### Information provided:
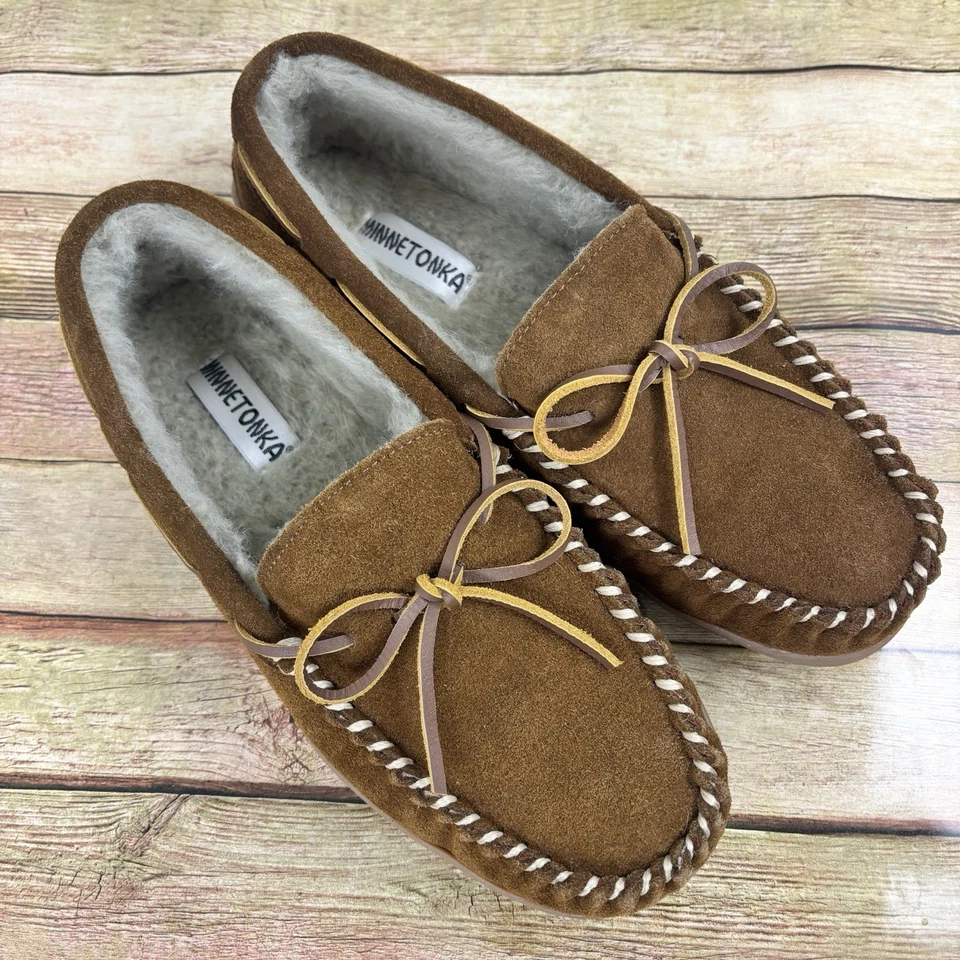 Minnetonka Mens 11 M Brown Suede Moccasin Slippers Faux Fur Hardsole Shoe 41353 - Image 1 of 4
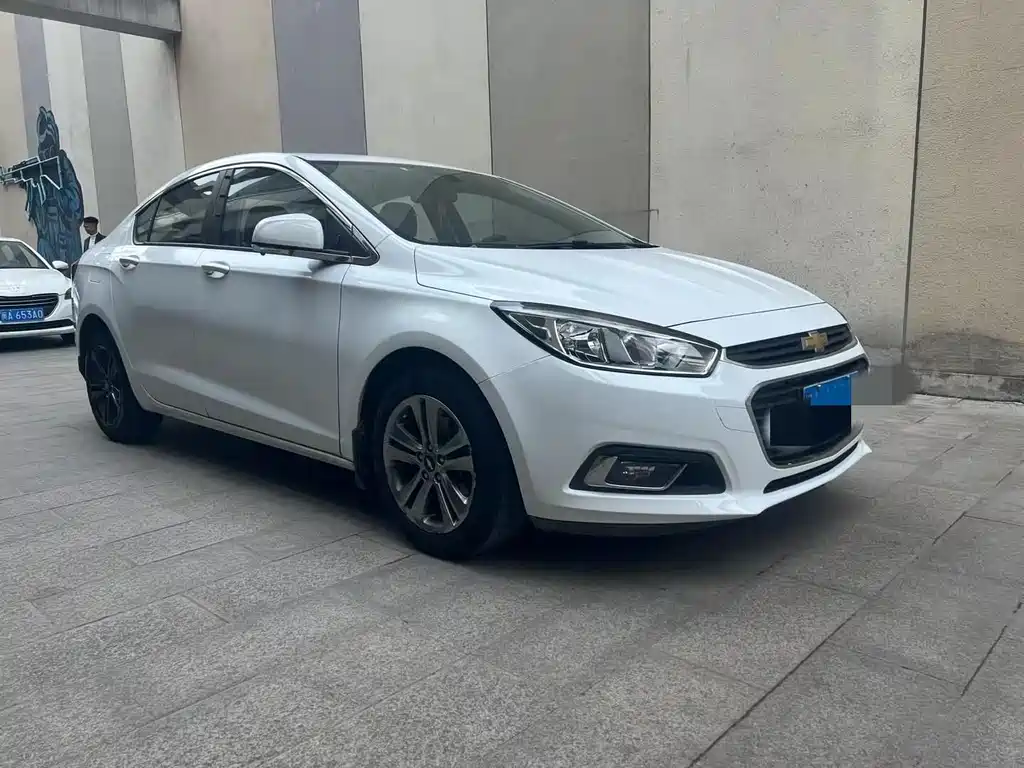 Chevrolet Cruze 2015 1.4T DCG Flagship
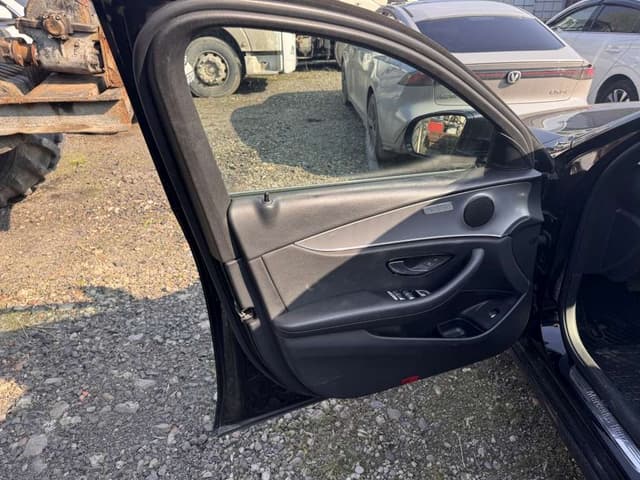 Mercedes-Benz E седан - 8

### Instructions to follow:
Although the material contains pictures, only the lines are to be written out, exactly as they stand.

### Answer to the exercise:
 Minnetonka Mens 11 M Brown Suede Moccasin Slippers Faux Fur Hardsole Shoe 41353 - Image 1 of 4
 Chevrolet Cruze 2015 1.4T DCG Flagship
 Mercedes-Benz E седан - 8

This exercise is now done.